Dal 06 giugno 1997 al 21 settembre 1997

A cura di Giorgio Verzotti

Uno dei linguaggi attraverso cui il sistema artistico conferma la sua tradizione, è quello della pittura. Nella pratica artistica contemporanea, il gergo pittorico non si risolve più attraverso la propria auto-legittimazione, ma viene messo in discussione grazie a interventi che possono sia confermare e rinnovare questa pratica, sia porla in discussione.

La mostra si muove su un doppio filone di indagine: da un lato esamina il tema della pittura, attraverso il lavoro di artisti, la cui presenza è significativa come testimonianza di un determinato periodo storico o per le peculiarità metodologiche della ricerca, dall’altro indaga il collezionismo italiano come strumento di conoscenza e valorizzazione dell’arte contemporanea.

Concentrandosi su un periodo che va dalla fine degli anni Cinquanta fino alla più stretta attualità ed esaminando alcuni fra gli artisti più significativi di questi ultimi anni, vengono presi in esame particolari cicli di lavori, legati a periodi dell’attività di ciascun artista, nella consapevolezza però di operare una scelta assolutamente soggettiva.
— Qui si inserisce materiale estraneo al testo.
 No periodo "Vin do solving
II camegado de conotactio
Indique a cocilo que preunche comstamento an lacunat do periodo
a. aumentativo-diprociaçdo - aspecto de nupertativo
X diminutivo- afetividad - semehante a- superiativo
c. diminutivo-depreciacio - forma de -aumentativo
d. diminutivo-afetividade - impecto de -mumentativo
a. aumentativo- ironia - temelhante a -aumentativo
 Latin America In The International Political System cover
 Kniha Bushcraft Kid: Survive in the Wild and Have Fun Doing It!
Così, mentre i dipinti con le combustioni di fogli di plastica trasparente di Alberto Burri degli anni 1964-1970, indagano l’utilizzo di materiali non tradizionali e artificiali, i lavori di Lucio Fontana vengono presi in esame per l’attenzione allo spazio nel rapporto fra quadro e terza dimensione, tematica portata alle estreme conseguenze in anni successivi da Francesco Lo Savio. Attraverso poi, l’indagine delle tensioni analitiche di molte ricerche degli anni Settanta, di cui Giorgio Griffa è uno dei più importanti esponenti, e le pratiche espressive che della pittura hanno recuperato il pathos emotivo del linguaggio e la sua funzione simbolica, come avviene per Vettor Pisani, si arriva

al grande momento propulsivo del ritorno alla pittura degli anni Ottanta operato dagli artisti della Transavanguardia. Infine vengono proposte le ricerche di artisti più giovani che si riferiscono alla pittura più per il suo immaginario che per la sua attività specifica fino a indagare la pratica del video quale mezzo tecnologico rievocativo della corporeità pittorica, come avviene nei lavori di Grazia Toderi.